Among the entries, find the lines with the string "Package" and report them.

----- Data supplied

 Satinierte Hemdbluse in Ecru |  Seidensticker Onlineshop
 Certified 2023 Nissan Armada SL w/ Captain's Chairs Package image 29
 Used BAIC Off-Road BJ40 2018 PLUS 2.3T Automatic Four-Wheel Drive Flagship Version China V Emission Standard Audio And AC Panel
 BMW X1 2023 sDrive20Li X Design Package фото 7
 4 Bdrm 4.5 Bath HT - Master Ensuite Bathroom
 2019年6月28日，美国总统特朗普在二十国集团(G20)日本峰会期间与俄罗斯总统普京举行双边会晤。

----------
----- Data supplied

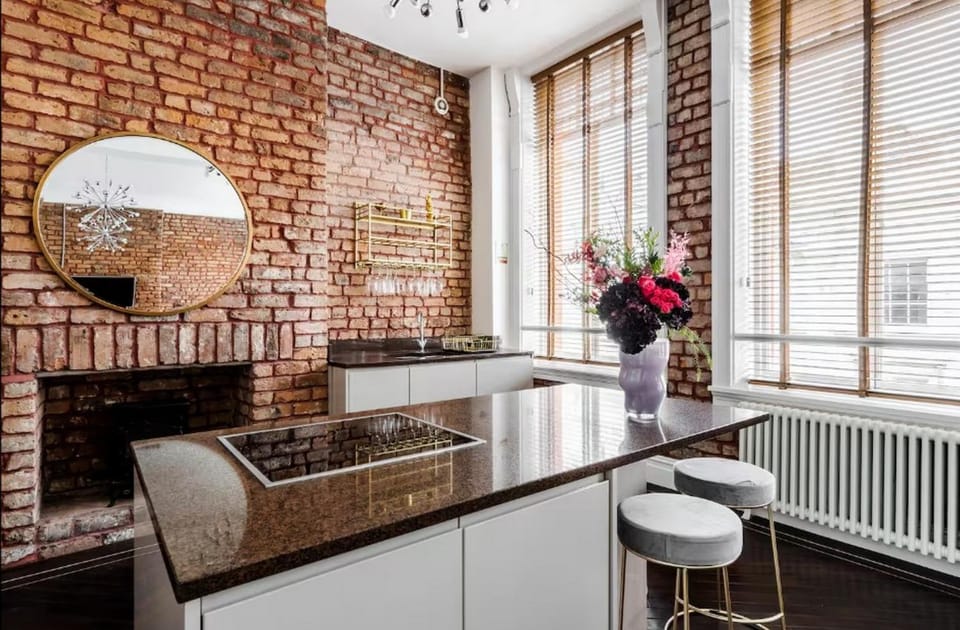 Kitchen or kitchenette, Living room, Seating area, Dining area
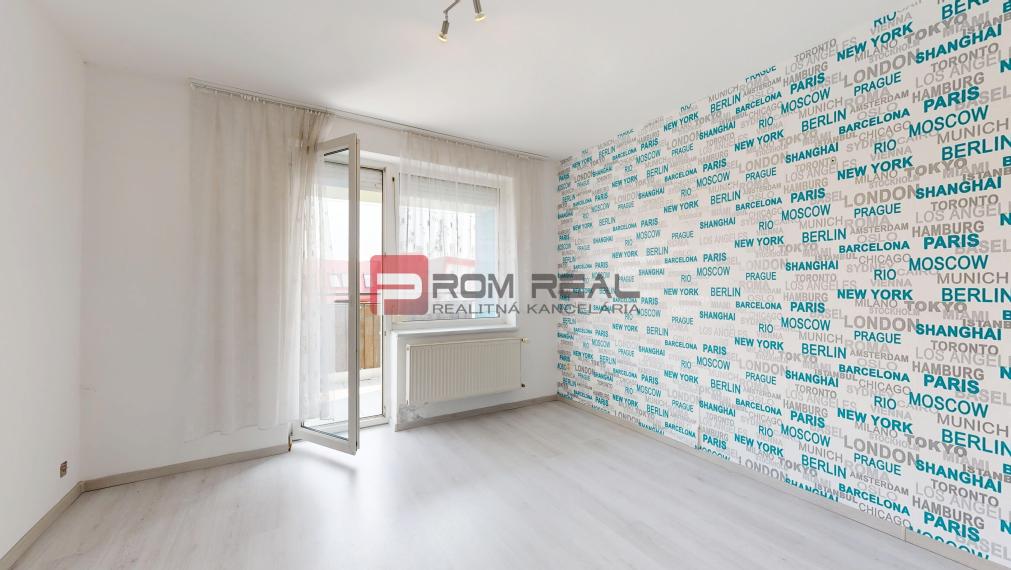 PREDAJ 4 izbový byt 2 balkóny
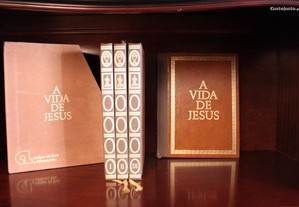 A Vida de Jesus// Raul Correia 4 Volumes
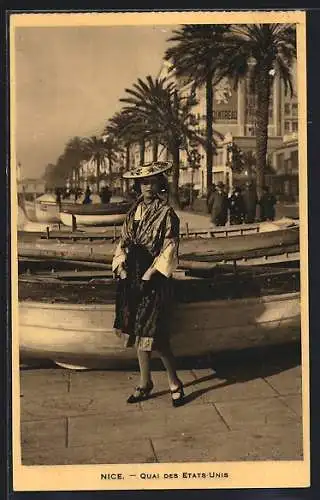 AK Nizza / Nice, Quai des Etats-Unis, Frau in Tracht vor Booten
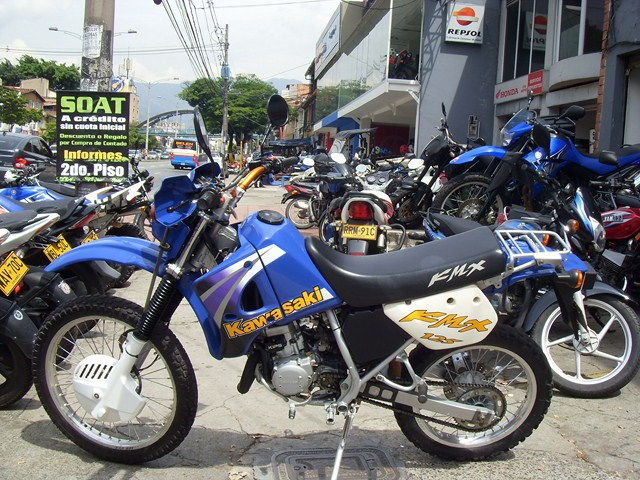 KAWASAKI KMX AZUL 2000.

----------

(Response)
 Certified 2023 Nissan Armada SL w/ Captain's Chairs Package image 29
 BMW X1 2023 sDrive20Li X Design Package фото 7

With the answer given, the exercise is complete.